-------- Data extract --------

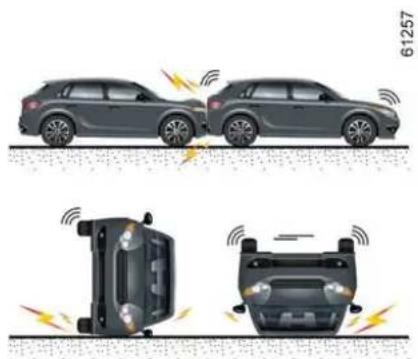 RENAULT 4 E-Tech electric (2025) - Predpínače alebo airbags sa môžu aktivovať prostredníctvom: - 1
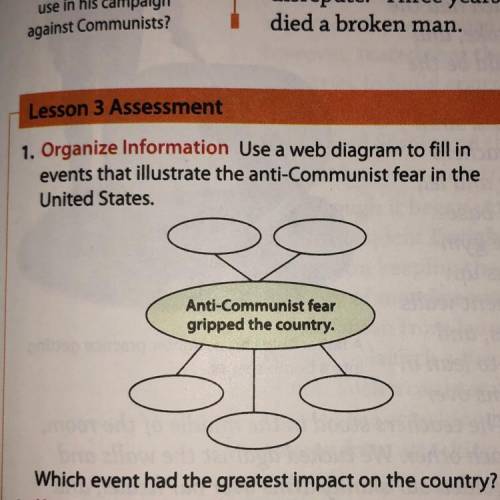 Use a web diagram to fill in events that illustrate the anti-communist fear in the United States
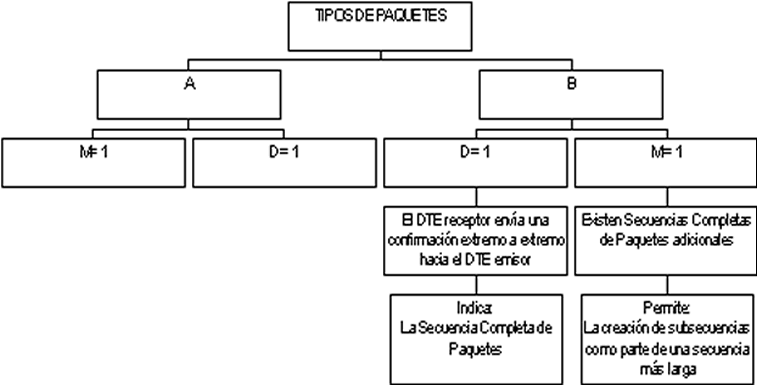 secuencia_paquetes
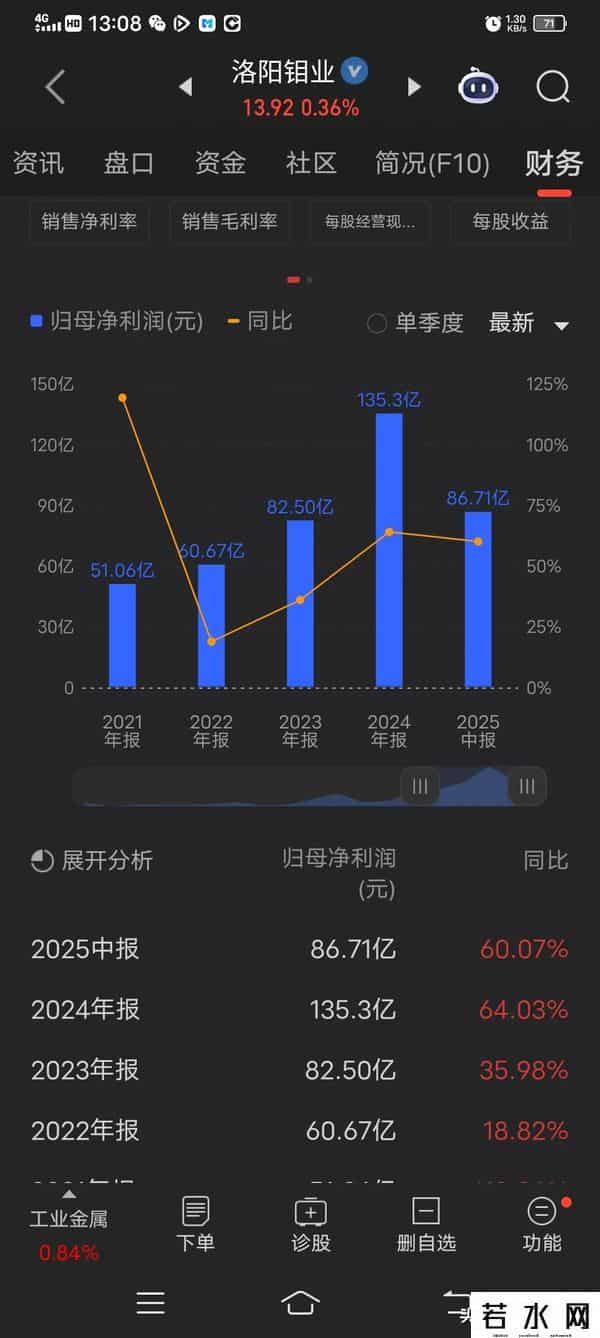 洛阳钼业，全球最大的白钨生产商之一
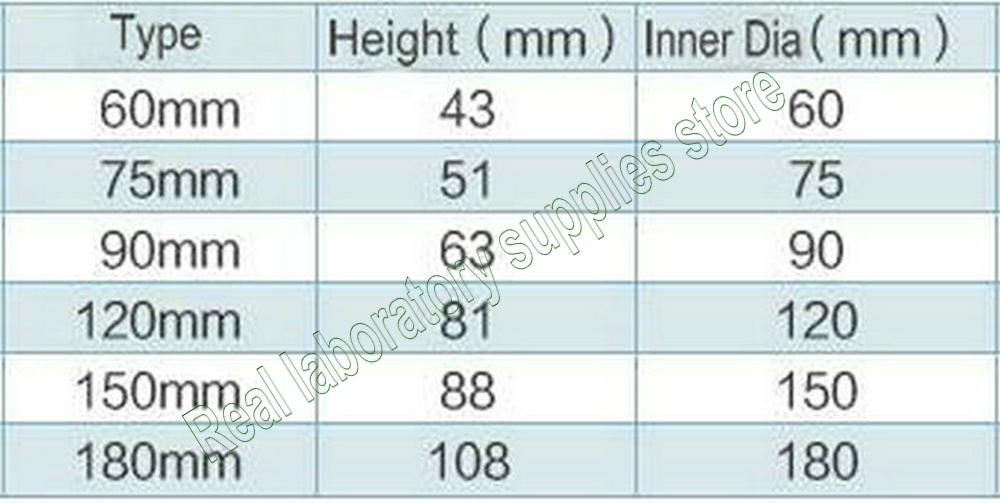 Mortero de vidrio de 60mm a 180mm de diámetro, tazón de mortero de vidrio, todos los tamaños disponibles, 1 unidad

--------

**Work instructions**
Omit the pictures and repeat the rest of the listing verbatim.

**Solution for this problem**
 RENAULT 4 E-Tech electric (2025) - Predpínače alebo airbags sa môžu aktivovať prostredníctvom: - 1
 Use a web diagram to fill in events that illustrate the anti-communist fear in the United States
 secuencia_paquetes
 洛阳钼业，全球最大的白钨生产商之一
 Mortero de vidrio de 60mm a 180mm de diámetro, tazón de mortero de vidrio, todos los tamaños disponibles, 1 unidad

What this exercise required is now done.